Exercise brief —
Of the lines in the material below, print only those from the one containing "Liver drawing surrounded by unhealthy foods" to the one containing "What is Hydrocele", ends included, exactly as written and without pictures.

Records supplied —
# # # # # # #
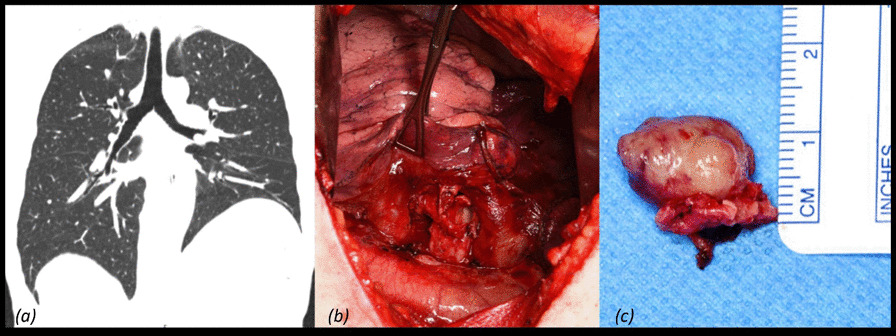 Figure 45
# # # # # # #
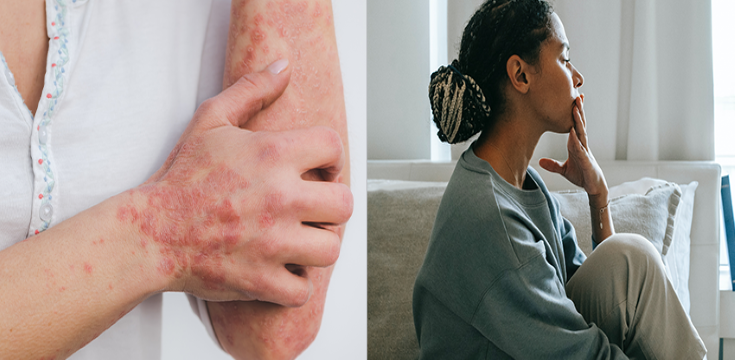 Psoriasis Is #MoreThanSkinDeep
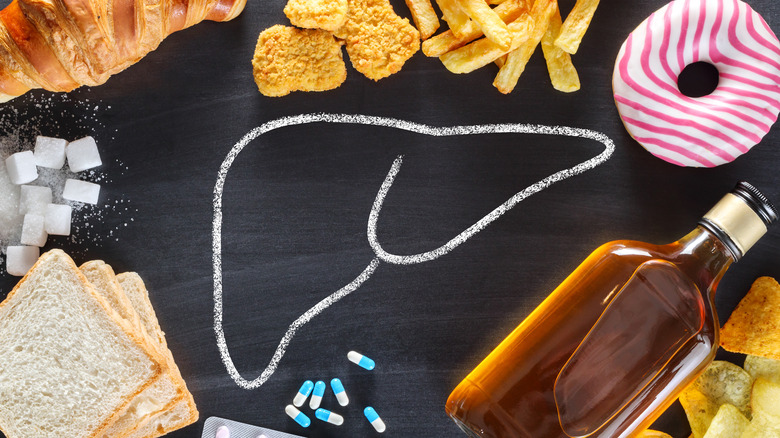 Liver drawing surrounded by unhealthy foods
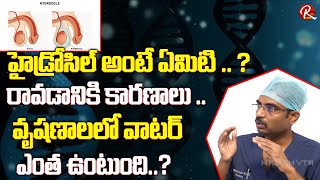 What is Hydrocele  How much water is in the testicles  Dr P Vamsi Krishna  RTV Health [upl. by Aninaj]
# # # # # # #
Answer section —
 Liver drawing surrounded by unhealthy foods
 What is Hydrocele  How much water is in the testicles  Dr P Vamsi Krishna  RTV Health [upl. by Aninaj]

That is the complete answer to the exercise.